In other words, why is:

def myname(): pass

somehow intrinsically worse than:

myname = lambda : pass

supposing the latter were legal?  If lambda were in every way the same as
def, except that lambda is anonymous and def is not, and that lambda was
legal in more places, then certainly the lambda is more general than def,
and we should get rid of def, since Python does not like to have equivalent
constructs.  But the only thing the latter has over the former is that the
latter can sometimes be used anonymously.  "But," future Pythonistas will
say, "we hardly ever use these anonymously!  Why don't we invent a new
syntax that allows us to define the name inline, like we see many other
languages happily doing."  And then they reinvent def, and then the upstart
def-ites lobby Guido against the old-school lambda-ites, and lambda is
overthrown "because def," (speaking from the future, now), "replaces the
by-far-most common use case of lambda and does it more clearly, and the
little niche use of lambda that's left is so rare as to not be worth it
anyway.
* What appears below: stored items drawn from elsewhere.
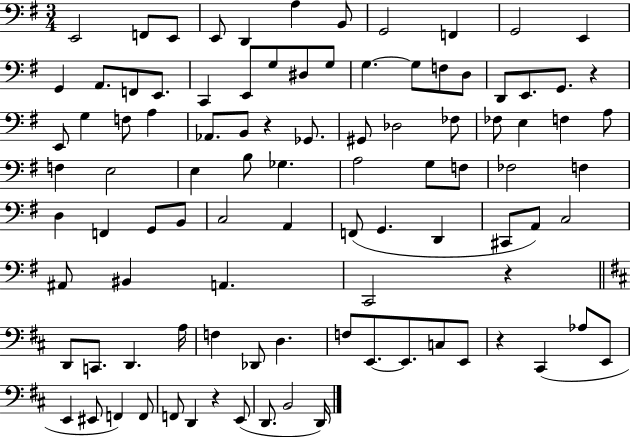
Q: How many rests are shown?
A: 5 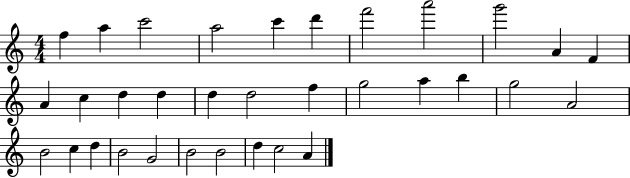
X:1
T:Untitled
M:4/4
L:1/4
K:C
f a c'2 a2 c' d' f'2 a'2 g'2 A F A c d d d d2 f g2 a b g2 A2 B2 c d B2 G2 B2 B2 d c2 A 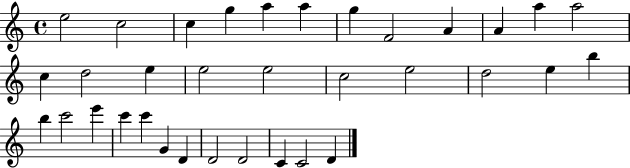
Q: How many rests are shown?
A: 0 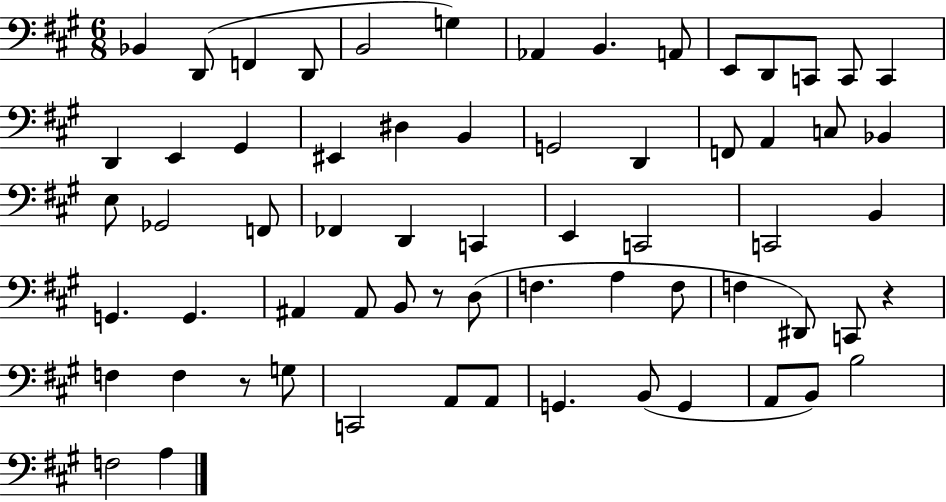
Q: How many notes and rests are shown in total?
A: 65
Guido Jr. the third, out."

>I don't even get why some people who are against the anonymity of
>lambdas seem quite ok with the anonymity of code blocks (given how
>much more complex a code block can be compared to a lambda, how can
>anonymity in their case be fine and not fine in the case of the much
>simpler lambdas ?) .

It's not the anonymity.  It just so happens that in Python, anonymity makes
no sense beyond very small functions placed into the call of these
functional functions for which we always have an equivalent for-loop or
list-comp construct that is faster and more Pythonic.
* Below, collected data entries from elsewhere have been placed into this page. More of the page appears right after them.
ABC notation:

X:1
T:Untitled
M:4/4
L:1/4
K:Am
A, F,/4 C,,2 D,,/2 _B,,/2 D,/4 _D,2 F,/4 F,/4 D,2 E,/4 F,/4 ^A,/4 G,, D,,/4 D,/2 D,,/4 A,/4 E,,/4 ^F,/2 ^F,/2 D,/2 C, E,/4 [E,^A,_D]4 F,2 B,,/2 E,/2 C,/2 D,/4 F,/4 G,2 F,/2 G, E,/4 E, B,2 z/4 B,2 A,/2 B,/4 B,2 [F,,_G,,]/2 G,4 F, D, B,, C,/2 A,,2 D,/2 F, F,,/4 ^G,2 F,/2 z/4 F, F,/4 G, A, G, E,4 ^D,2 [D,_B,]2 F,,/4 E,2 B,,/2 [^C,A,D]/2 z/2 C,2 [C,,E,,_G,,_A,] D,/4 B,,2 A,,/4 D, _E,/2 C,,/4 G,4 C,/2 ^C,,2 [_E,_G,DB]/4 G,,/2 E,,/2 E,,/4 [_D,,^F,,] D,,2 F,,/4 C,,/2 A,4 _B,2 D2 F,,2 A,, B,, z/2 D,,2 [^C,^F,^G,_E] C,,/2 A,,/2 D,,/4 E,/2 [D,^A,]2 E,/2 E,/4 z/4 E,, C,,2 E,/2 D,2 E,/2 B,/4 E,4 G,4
There simply aren't many places in Python where a function takes a function
as an argument.  And those places where it does usually a for-loop is
clearer and faster (as I've been saying over and over).  In other cases, the
function being passed is large enough that making it anonymous gains
nothing--you'd just have to use a name to refer to it anyway, in order to
make the code clear enough to read.

Or is:

map( lambda x:
    <do some complex multi-line thing with x>
   , range(10))

really clearer than just using def somewhere up above?  It's not even clear
that anything like Python syntax could support such a construct, and in
anycase it is horribly unPythonic in its gnarish attempt to fit everything
into one construct.  So, I could turn the tables and say "what's this
obsession with making things anonymous?" ;)
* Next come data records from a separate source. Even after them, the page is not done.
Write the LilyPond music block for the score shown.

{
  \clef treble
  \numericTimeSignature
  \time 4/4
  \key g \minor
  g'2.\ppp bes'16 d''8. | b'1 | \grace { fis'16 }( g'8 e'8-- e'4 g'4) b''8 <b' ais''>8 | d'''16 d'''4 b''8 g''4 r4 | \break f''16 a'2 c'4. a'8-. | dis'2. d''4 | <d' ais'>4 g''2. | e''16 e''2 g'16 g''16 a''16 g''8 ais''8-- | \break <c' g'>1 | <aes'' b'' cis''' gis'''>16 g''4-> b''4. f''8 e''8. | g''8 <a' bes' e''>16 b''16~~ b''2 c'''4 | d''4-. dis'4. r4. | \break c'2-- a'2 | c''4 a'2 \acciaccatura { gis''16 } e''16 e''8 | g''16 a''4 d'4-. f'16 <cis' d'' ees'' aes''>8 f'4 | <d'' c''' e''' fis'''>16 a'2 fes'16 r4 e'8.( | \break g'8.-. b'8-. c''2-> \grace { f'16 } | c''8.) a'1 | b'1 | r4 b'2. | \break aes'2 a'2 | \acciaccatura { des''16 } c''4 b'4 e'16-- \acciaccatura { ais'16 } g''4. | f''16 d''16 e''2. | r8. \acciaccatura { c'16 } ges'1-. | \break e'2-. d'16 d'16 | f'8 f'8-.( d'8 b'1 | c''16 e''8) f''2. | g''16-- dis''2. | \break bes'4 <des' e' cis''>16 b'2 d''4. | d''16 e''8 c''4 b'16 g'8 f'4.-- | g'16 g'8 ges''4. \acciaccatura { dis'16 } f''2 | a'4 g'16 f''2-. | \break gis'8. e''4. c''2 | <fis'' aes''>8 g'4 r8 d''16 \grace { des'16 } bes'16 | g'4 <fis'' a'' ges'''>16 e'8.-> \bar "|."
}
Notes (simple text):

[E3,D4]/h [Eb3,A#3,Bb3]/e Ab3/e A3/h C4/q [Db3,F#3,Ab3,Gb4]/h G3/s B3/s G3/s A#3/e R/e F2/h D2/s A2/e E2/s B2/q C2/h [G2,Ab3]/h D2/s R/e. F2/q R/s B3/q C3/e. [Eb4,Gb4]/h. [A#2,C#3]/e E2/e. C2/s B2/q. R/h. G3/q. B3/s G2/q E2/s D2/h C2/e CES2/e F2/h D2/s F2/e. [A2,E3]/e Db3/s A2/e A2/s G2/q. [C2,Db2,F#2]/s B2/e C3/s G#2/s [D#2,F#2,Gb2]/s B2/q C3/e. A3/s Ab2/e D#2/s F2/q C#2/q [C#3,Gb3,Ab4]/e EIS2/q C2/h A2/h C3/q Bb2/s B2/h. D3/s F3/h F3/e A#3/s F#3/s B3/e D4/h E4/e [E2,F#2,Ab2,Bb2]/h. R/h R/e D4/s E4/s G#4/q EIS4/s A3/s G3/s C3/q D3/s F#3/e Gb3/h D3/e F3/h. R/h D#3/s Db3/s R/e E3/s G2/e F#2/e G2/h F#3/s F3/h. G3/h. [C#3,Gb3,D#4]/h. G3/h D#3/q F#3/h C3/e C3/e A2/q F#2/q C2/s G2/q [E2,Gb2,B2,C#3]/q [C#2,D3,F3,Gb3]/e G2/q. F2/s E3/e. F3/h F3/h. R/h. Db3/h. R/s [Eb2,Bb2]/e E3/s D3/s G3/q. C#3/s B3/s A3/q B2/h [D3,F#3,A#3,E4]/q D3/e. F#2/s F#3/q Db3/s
The only utility of an anonymous function is the ability to define a
function inline, within the calling construct, without polluting the
namespace.  I.e., a "throwaway function".  Now, how often in Python do all
those circumstance conjoin to make anonymous functions very useful?  Not
very, especially because, as we said, function calling is slow in Python.

>Does anyone care about consistency in python ? For real, if you don't
>want functional programming, make functions non first class and stop
>claiming that they are objects just like every object.

Umm...I don't understand.  You can program functionally if you really want
to, but I don't see why Python should feel obligated to support your habit,
especially since it has its own way of doing things that is far more natural
(and, um, faster, at least now) to the Pythonic frame of mind.  Pythonic is
a concept orthogonal to everything else, including "functional" and "OO".
Python doesn't define itself by saying "I am OO, not functional."  Rather,
it examines itself, it peers into its own essence, and discovers, "hey,
there isn't much functional in here, but there's an awful lot of OO."
Python is something that simply *is*; definitions come later, and frankly
will always be inaccurate and provisional.  "Pythonic" is like a culture;
undefinable and always evolving.

It's a tautology that a language best supports those who like the way that
language does things.  So if you don't like the way Python does things, and
you prefer it did things in a more functional way, perhaps you would be
better supported by using a language that *did* do things in a more
functional way?  It won't make you a bad (or even a lesser) person if you
don't use Python, but it might make you happier.

I mean really, fighting about languages is like fighting about the relative
moral worth of screwdrivers and hammers, and going from there to arguing
about whether it's better to use screws or nails.